Your task » Leave out the pictures and copy each record below exactly.

Entries supplied »

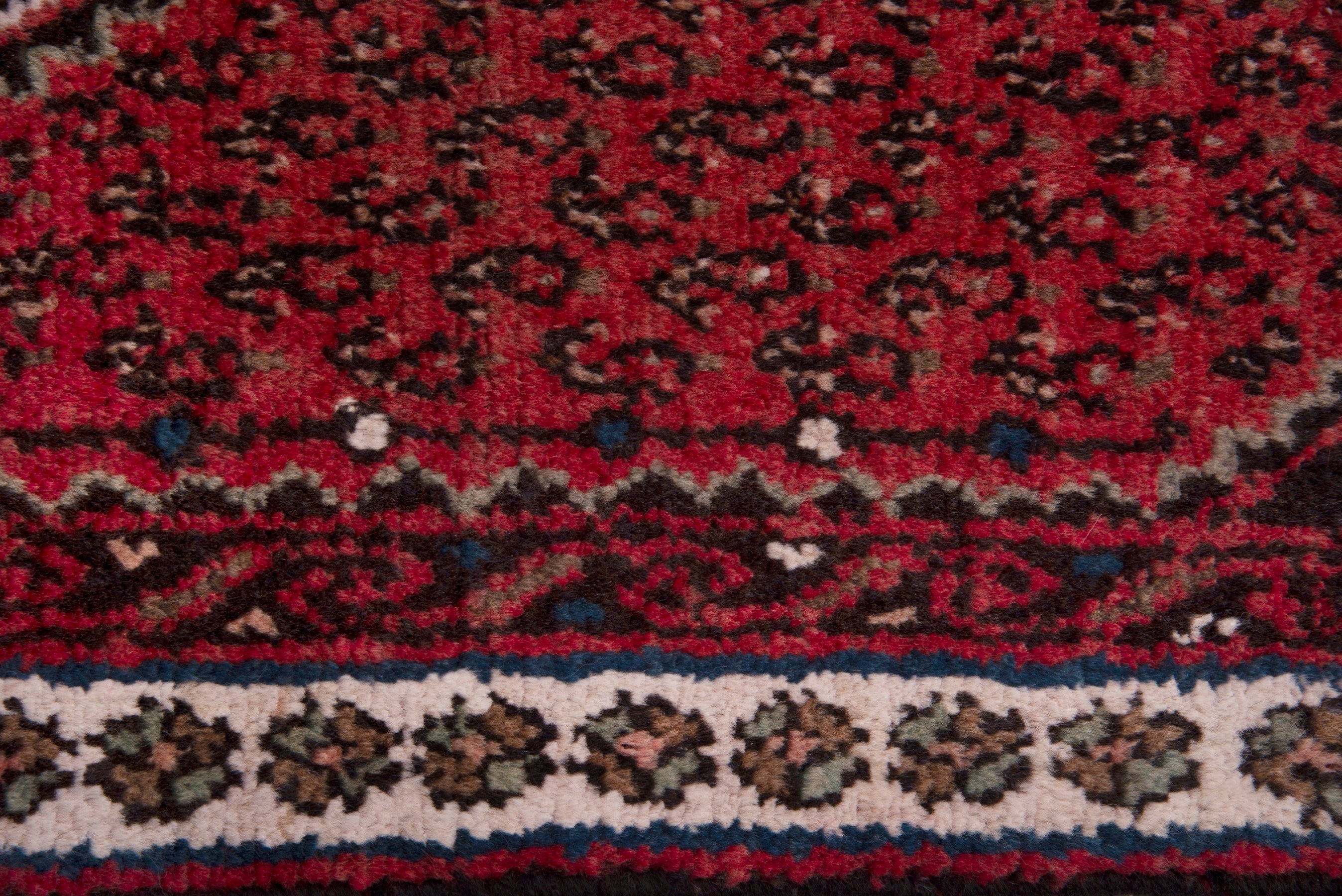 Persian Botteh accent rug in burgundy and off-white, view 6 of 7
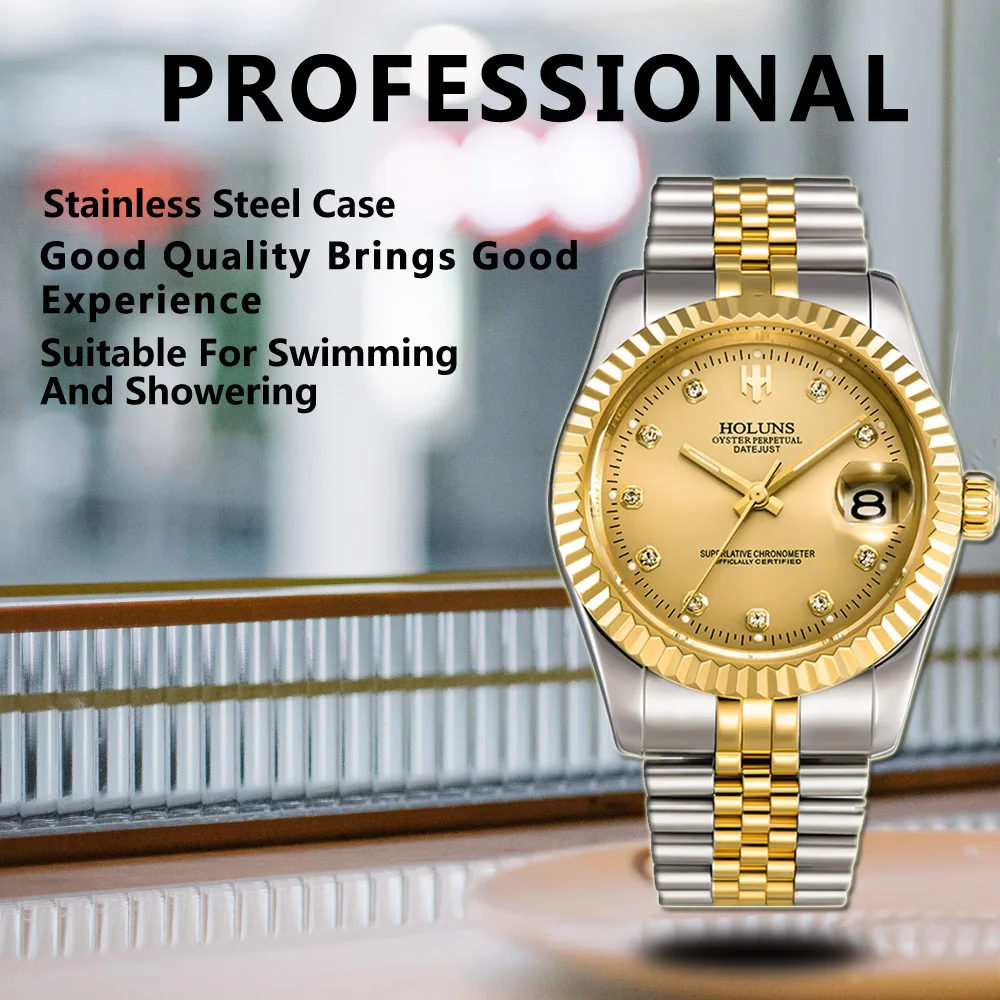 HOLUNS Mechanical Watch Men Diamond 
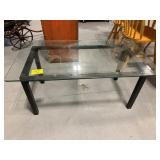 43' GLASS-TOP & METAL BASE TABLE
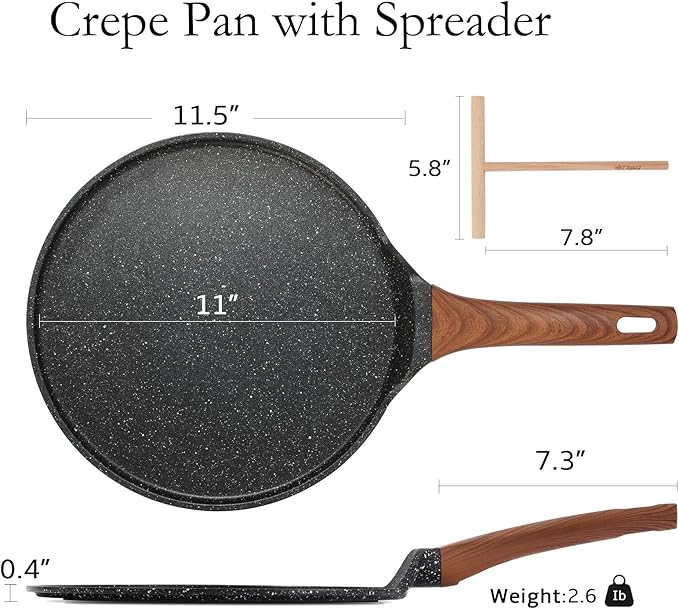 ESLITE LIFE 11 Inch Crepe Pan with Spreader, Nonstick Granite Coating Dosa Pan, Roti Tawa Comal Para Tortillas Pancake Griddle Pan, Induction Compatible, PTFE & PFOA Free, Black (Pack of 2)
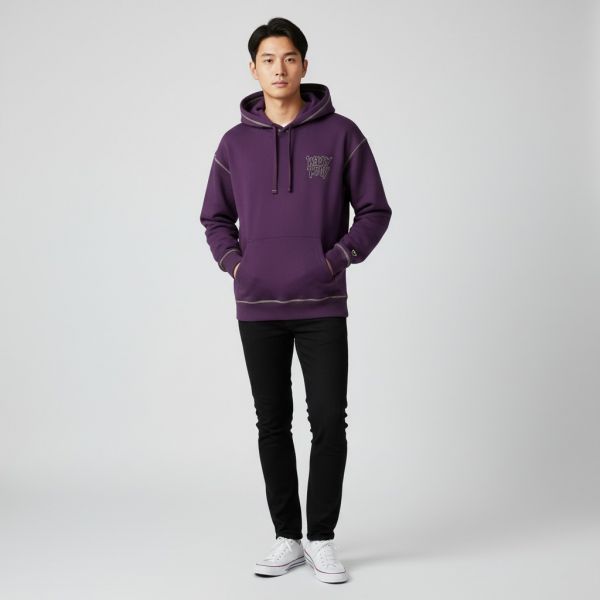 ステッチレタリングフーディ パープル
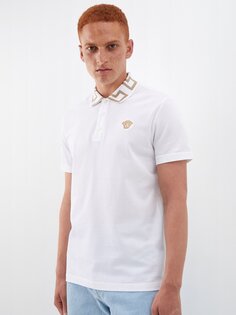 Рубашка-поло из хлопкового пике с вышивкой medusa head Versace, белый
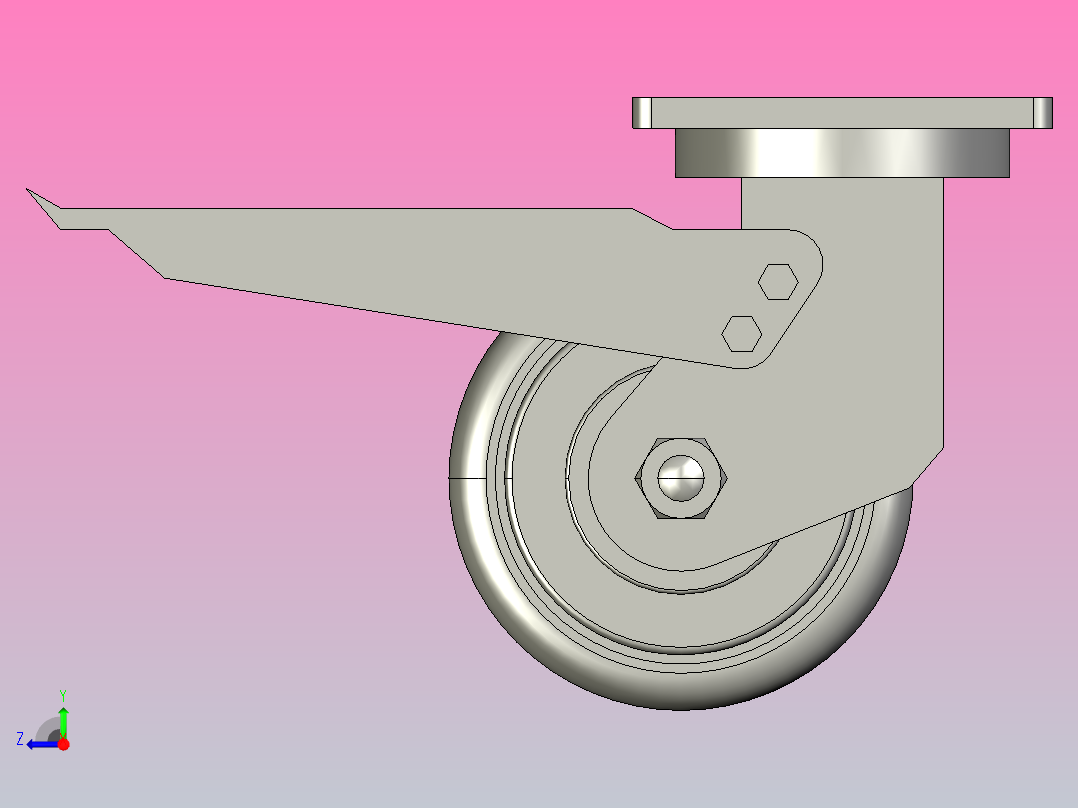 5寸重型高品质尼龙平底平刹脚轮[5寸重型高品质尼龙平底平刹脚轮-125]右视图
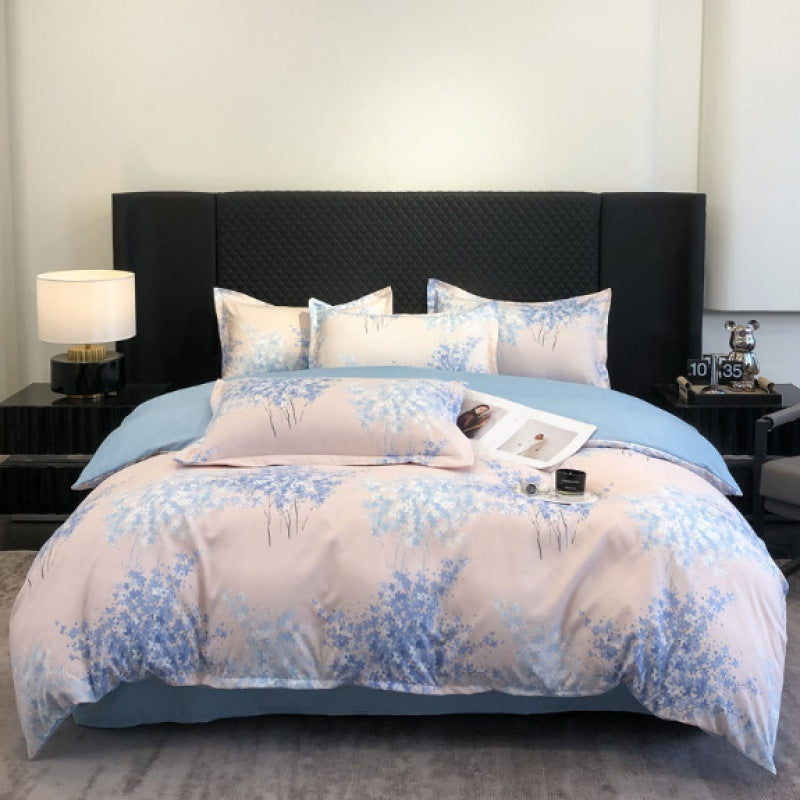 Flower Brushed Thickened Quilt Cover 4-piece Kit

Written solution »
 Persian Botteh accent rug in burgundy and off-white, view 6 of 7
 HOLUNS Mechanical Watch Men Diamond 
 43' GLASS-TOP & METAL BASE TABLE
 ESLITE LIFE 11 Inch Crepe Pan with Spreader, Nonstick Granite Coating Dosa Pan, Roti Tawa Comal Para Tortillas Pancake Griddle Pan, Induction Compatible, PTFE & PFOA Free, Black (Pack of 2)
 ステッチレタリングフーディ パープル
 Рубашка-поло из хлопкового пике с вышивкой medusa head Versace, белый
 5寸重型高品质尼龙平底平刹脚轮[5寸重型高品质尼龙平底平刹脚轮-125]右视图
 Flower Brushed Thickened Quilt Cover 4-piece Kit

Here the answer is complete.